The most public contribution I made to reddit's codebase when I was there was the SEO features. I did all the usual stuff like cleaning up title and meta tags, and adding a sitemap. But the change that had the largest effect, by far, was adding the title of the story into the URL. As soon as we launched that, our Google traffic shot up.

The way you know you have truly mastered SEO is when Google takes away your control of the crawl rate on your SEO control panel. Soon after that we had lunch a special set of servers that just serve requests for Google, because they were killing us by crawling years of old posts.

3 comments

I never understood why google gives juice to this kind of URLs. It makes URLs longer and is barely useful anymroe but google keeps demanding it.
Because the URL is naturally short so you have to be very selective about what you put in it. So if the URL is "on topic" the page likely is. Just like if the domain is "on topic" it is very likely the site is, because it is short and hard to change.

IIUC some of the biggest factors that Google uses for the page itself (network effects obviously play a huge part) are domain, url then title. If you notice these are fairly space limited and user visible which means that it is harder for the website author to spam these with possibly relevant keywords.

Think they wanted to bias against: "it's at http://zs9l.com/860d9fg%fids0a4?249F" and other URLs with alphanumerics since normal people speak them out.
Because these urls are effectively "locked" to the content and the website can't play a switcheroo on site visitors (and google), maybe?
actually the content often changes (usually news articles being updated with different content / title). Google's idea was that it's easier to tell what a URL is about by looking at it, but in the mobile era i don't think it matters anymore.
Reddit archives (making them read only) threads after a year I believe. Why would Google re-visit archived threads? Did you see Google's crawler throttle crawl rate by response times?
Six months, and not back then. Back then you could comment on old threads. I wasn't there when they implement the thread lock, but I suspect it was related.
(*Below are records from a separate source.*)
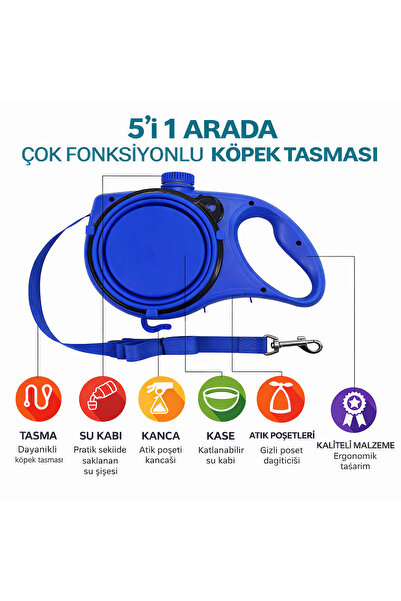 Deku 5’i 1 Arada Çok Fonksiyonlu Köpek Tasması – Su Kabı, Mama Kasesi ve Poşe...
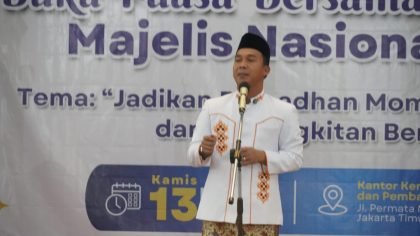 Menteri Kependudukan dan Pembangunan Keluarga sekaligus Kepala BKKBN, Dr. Wihaji, S.Ag., M.Pd dalam acara Buka Bersama MN KAHMI di Jakarta pada Kamis (14/3/2025). Sumber foto : Media Center Kemendukbangga/BKKBN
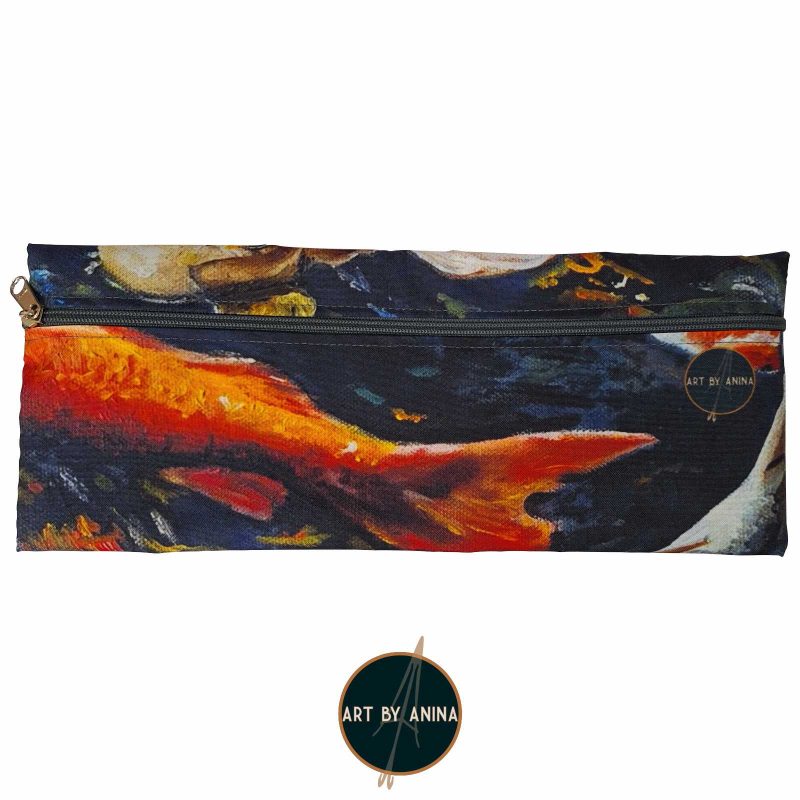 A waterproof canvas pencil case based on the painting In the Pond. Pencil case has bright colours with a front zipper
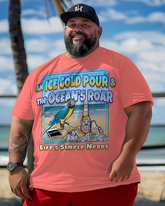 COLD POUR & OCEAN'S ROAR Bedrucktes Kurzarm-T-Shirt für Herren in Übergröße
The reddit codebase is designed for recency. Interacting with old threads really trashed the databases, at least back then.

I'm not certain, but doesn't a 'read only' reddit page still get changed when a user who was in it deletes their account and posts? Often when a search engine sends me to reddit, the comments that probably contained the relevant information are long gone.
You might be right, in which case Google should offer a link to the corresponding Internet Archive wayback page (where the deleted content should still exist).
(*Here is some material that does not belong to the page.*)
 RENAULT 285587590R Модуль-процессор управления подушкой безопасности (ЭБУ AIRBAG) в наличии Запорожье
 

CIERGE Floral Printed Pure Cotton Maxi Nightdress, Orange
Failing that, there are browser extensions for both Chrome and Firefox that enable this functionality.

I used IA's browser plugin that does this for a while, but unfortunately had to stop because it had too many false positives (sending me to archive pages for sites that were still live.) An extension that does this properly definitely interests me.
They have it in their cache themselves so they even wouldn't have to link to IA.
Fascinating stuff! Any other simple tweaks that made a surprisingly big difference?
Off the top of my head I can't think of anything that was nearly as effective.